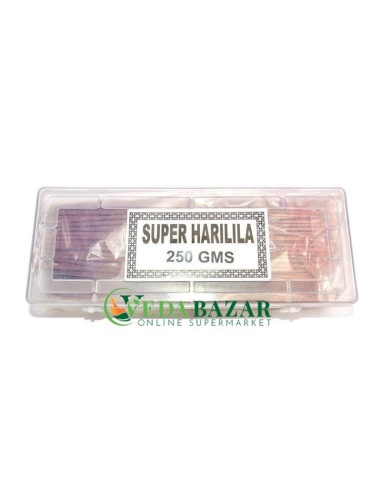 Благовония Супер Харилила Премиум (Super Harilila Premium Incense Sticks), 250 Гр, Индия (India)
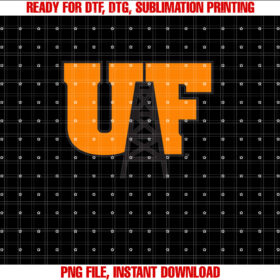 University of Findlay Oilers Uf Derrick T-shirt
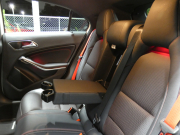 AMG Aクラス A45 4MATIC ﾚｰﾀﾞｰｾｰﾌﾃｨPKG　後期 381ps AMGﾊﾟﾌｫｰﾏﾝｽEX AMGｴｱﾛ&18AW ｷｰﾚｽｺﾞｰ 黒本革ｼｰﾄ/ﾋｰﾀｰ ﾅﾋﾞTV Aｶｰﾌﾟﾚｲ Bｶﾒﾗ ﾀﾞｲﾅﾐｯｸｾﾚｸﾄ LEDﾗｲﾄ ｱﾀﾞﾌﾟﾃｨﾌﾞHB ﾊﾟﾄﾞﾙｼﾌﾄ　2年保証付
+---+
_Required action_:
Leave out the pictures and reproduce the rest of the listing exactly.

_Reply_:
 Благовония Супер Харилила Премиум (Super Harilila Premium Incense Sticks), 250 Гр, Индия (India)
 University of Findlay Oilers Uf Derrick T-shirt
 AMG Aクラス A45 4MATIC ﾚｰﾀﾞｰｾｰﾌﾃｨPKG　後期 381ps AMGﾊﾟﾌｫｰﾏﾝｽEX AMGｴｱﾛ&18AW ｷｰﾚｽｺﾞｰ 黒本革ｼｰﾄ/ﾋｰﾀｰ ﾅﾋﾞTV Aｶｰﾌﾟﾚｲ Bｶﾒﾗ ﾀﾞｲﾅﾐｯｸｾﾚｸﾄ LEDﾗｲﾄ ｱﾀﾞﾌﾟﾃｨﾌﾞHB ﾊﾟﾄﾞﾙｼﾌﾄ　2年保証付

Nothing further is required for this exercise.